----- GIVEN DATA -----
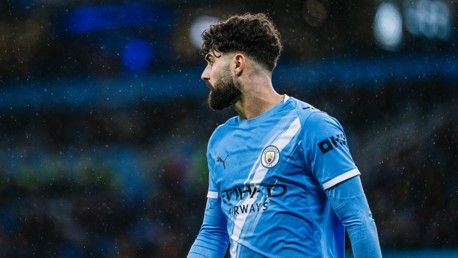 A Manchester City player in a blue and white striped jersey during a match in the rain.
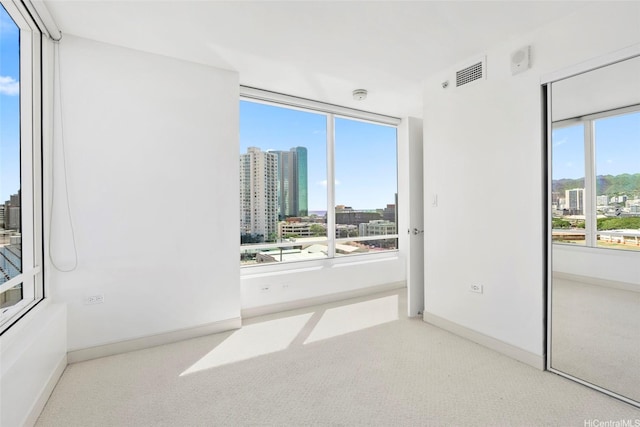 carpeted empty room featuring visible vents, baseboards, and a view of city
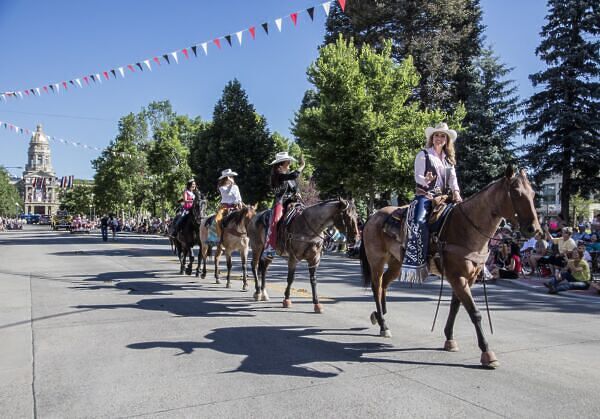 wolf tourism in yellowstone - rancher side - women at frontier days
-----
**REQUIRED ACTION**
What you output must match the data exactly, apart from the pictures, which are left out.

**ANSWER SECTION**
 A Manchester City player in a blue and white striped jersey during a match in the rain.
 carpeted empty room featuring visible vents, baseboards, and a view of city
 wolf tourism in yellowstone - rancher side - women at frontier days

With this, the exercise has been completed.